Please print all the lines below exactly as they are written.

#### Recorded data
BEGIN
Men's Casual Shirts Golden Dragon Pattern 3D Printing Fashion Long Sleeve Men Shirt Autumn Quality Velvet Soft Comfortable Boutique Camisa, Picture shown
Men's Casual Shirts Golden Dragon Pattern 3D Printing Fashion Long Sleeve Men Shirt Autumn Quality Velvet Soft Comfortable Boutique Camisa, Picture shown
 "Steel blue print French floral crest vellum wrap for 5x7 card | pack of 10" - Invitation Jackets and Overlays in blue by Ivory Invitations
END
#### Your solution
Men's Casual Shirts Golden Dragon Pattern 3D Printing Fashion Long Sleeve Men Shirt Autumn Quality Velvet Soft Comfortable Boutique Camisa, Picture shown
Men's Casual Shirts Golden Dragon Pattern 3D Printing Fashion Long Sleeve Men Shirt Autumn Quality Velvet Soft Comfortable Boutique Camisa, Picture shown
 "Steel blue print French floral crest vellum wrap for 5x7 card | pack of 10" - Invitation Jackets and Overlays in blue by Ivory Invitations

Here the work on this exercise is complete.